The complete listing goes into the output exactly, without its pictures.

Source material.
·····

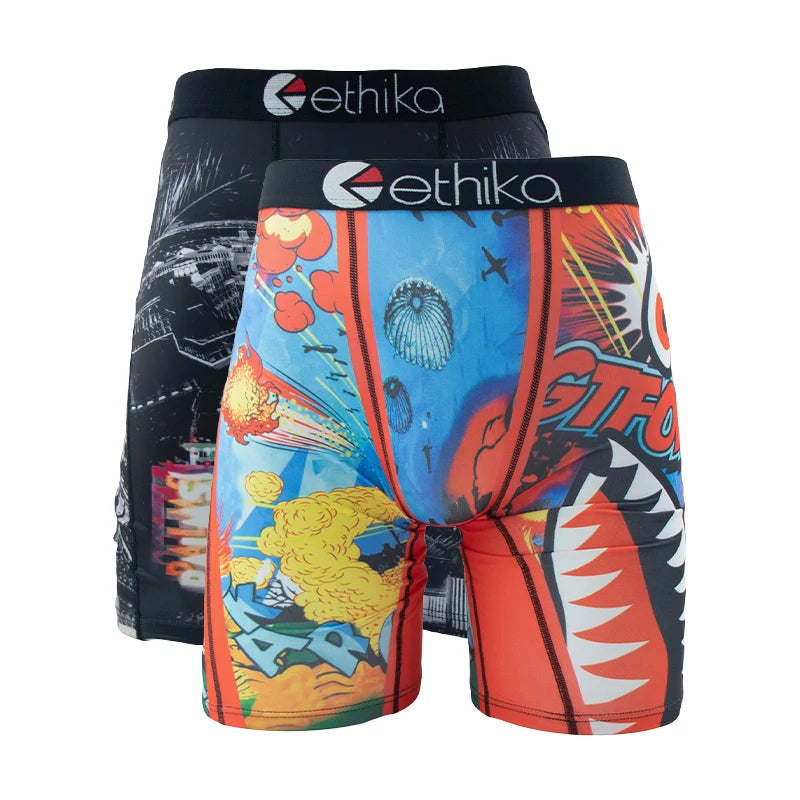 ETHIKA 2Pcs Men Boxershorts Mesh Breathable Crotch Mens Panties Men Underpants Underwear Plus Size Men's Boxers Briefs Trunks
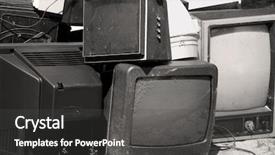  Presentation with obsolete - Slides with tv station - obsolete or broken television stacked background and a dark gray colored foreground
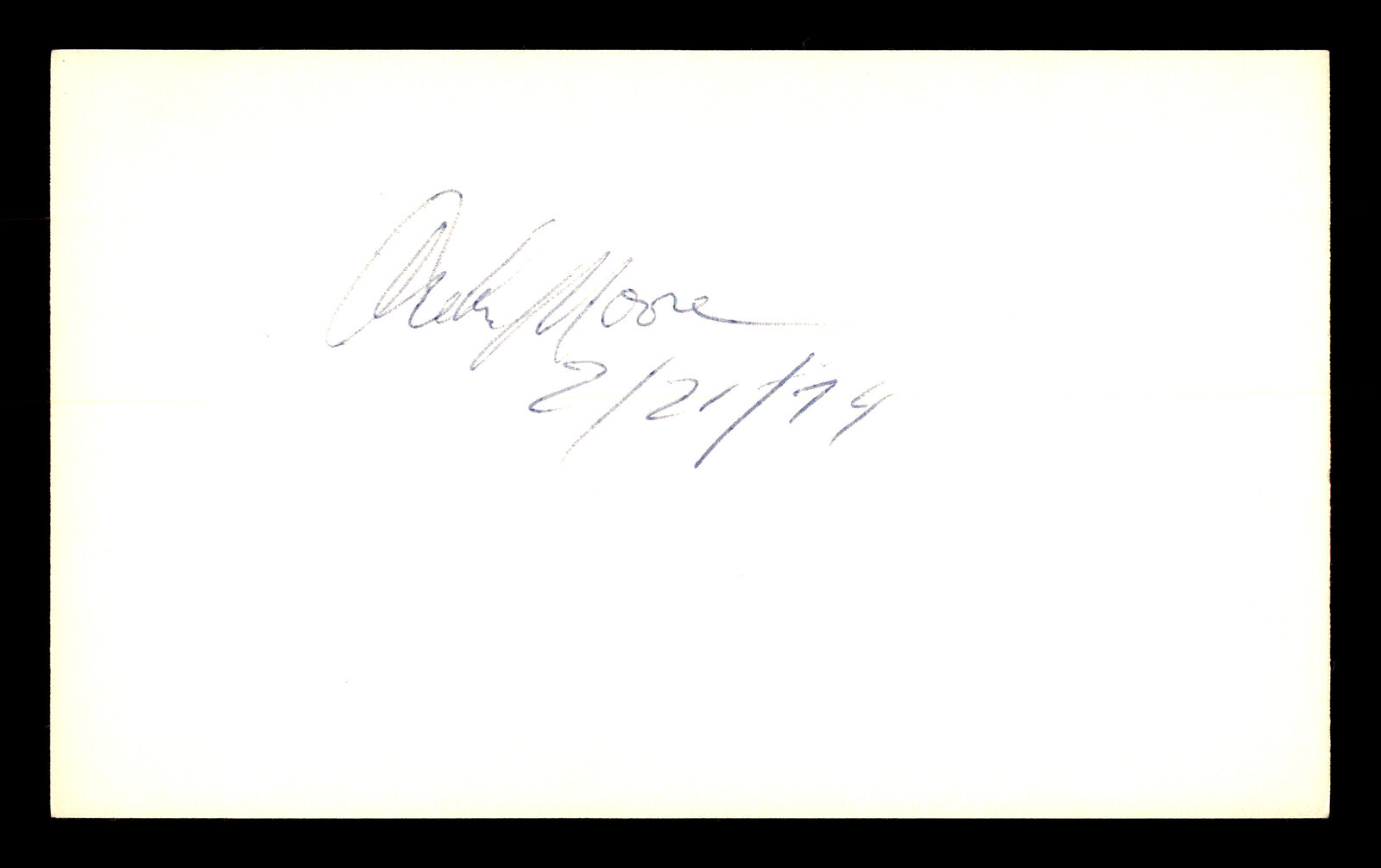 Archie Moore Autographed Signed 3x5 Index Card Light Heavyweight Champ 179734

·····

The completed task.
 ETHIKA 2Pcs Men Boxershorts Mesh Breathable Crotch Mens Panties Men Underpants Underwear Plus Size Men's Boxers Briefs Trunks
  Presentation with obsolete - Slides with tv station - obsolete or broken television stacked background and a dark gray colored foreground
 Archie Moore Autographed Signed 3x5 Index Card Light Heavyweight Champ 179734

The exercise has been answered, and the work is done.